After a very good growing season, National Trust staff and volunteers at Cotehele, nr Saltash in Cornwall, have nearly completed the process of creating the longest Christmas garland at any Trust property in the country.

When they are finished, they will have created a 60 foot garland overhead containing 34,000 flowers plus a 40 foot extension around the east doorway with another 12,000 flowers, all grown and dried on the estate.

‘The 40 foot garland extension is something we started making a couple of years ago,’ says Dave Bouch, Cotehele’s Head Gardener. ‘It’s been really popular, I think because it gives visitors a chance to see the garland at eye level, so we’ll definitely be doing that again.’

 This year white Helipterum and pink Acroclinium have grown really well and Dave and his team are looking forward to seeing how they will all come together. They won’t know until about the middle of next week (Wednesday 14 November) what colours will dominate and what this year’s garland will look like.

All of the flowers are picked and dried in the garden at Cotehele; seeds were sown in early spring, flower picking began in May and each flower will now be added one by one to create the stunning 100 foot decoration – which forms an integral part of the Christmas display at the property.

Every year at the beginning of November, the hall in the historic house opens to the public so visitors can watch staff and volunteers putting the garland together from flowers such as Ornamental Grasses, Everlasting Sand Flower, Straw Flower, Paper Daisy, Paper Rose and Statice.

From Sunday 15 November, the spectacular result can be seen daily until 31 December, except 25 and 26 December.

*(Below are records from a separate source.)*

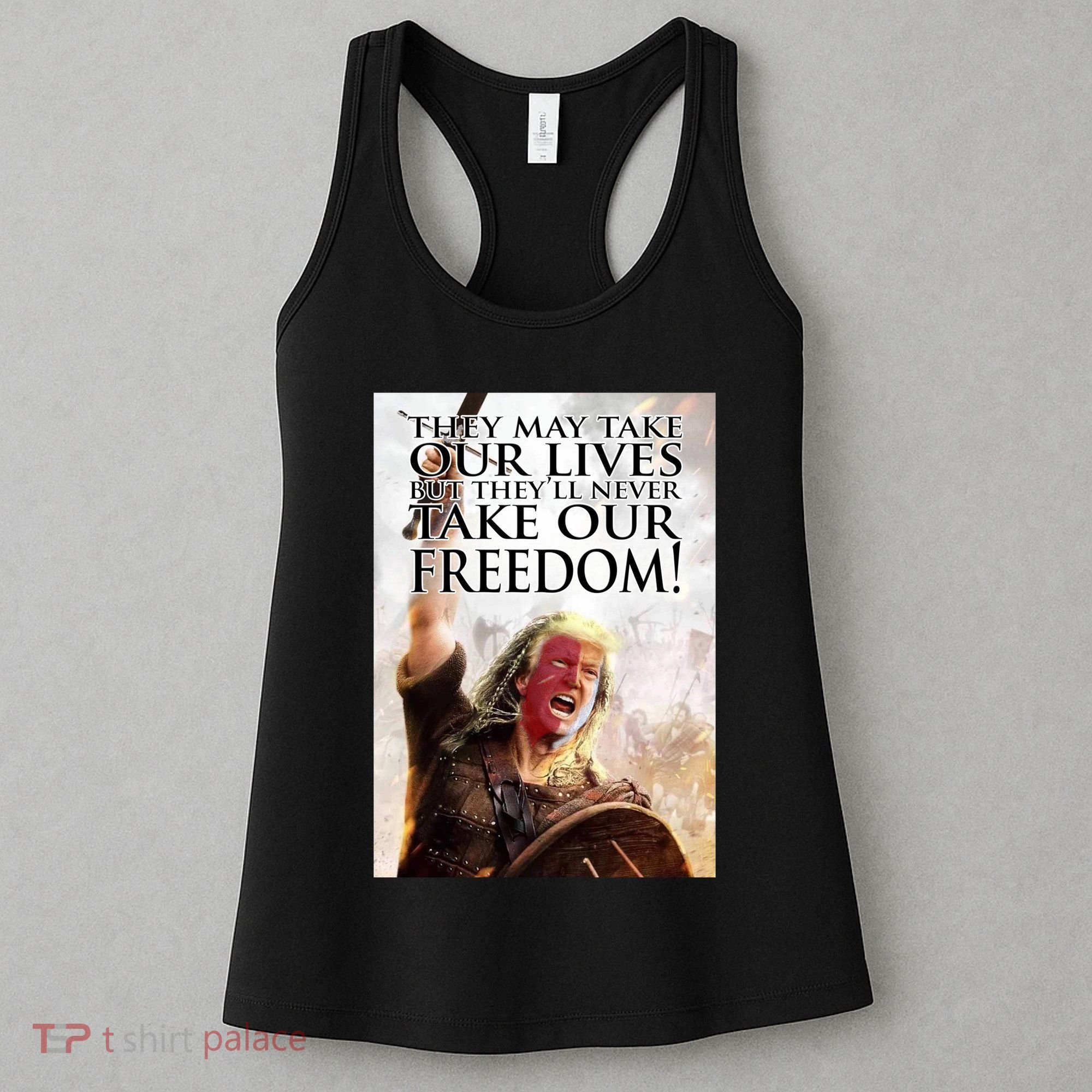 Donald Trump They May Take Our Lives But Theyll Never Take Our Freedom Women's Tank Top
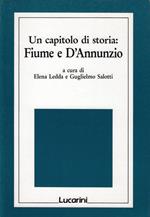 Un capitolo di storia : Fiume e D'Annunzio : atti del convegno, Gardone Riviera-San Pelagio, 27-28 ottobre 1989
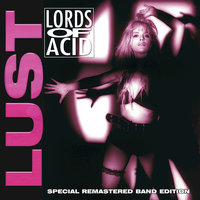 Spacy Bitch - Lords Of Acid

Dave says, ‘The garden team here at Cotehele is terrific. I’m so impressed with their huge time commitment – both staff and volunteers — to create yet another amazing and memorable display, now a firm part of families’ s annual Christmas tradition.’

Elsewhere in the Great Hall, traditional decorations include conifer and Mahonia around the door ways highlighted with some native berries from the garden. They’ll also hang Beech and hazel branches from the wall.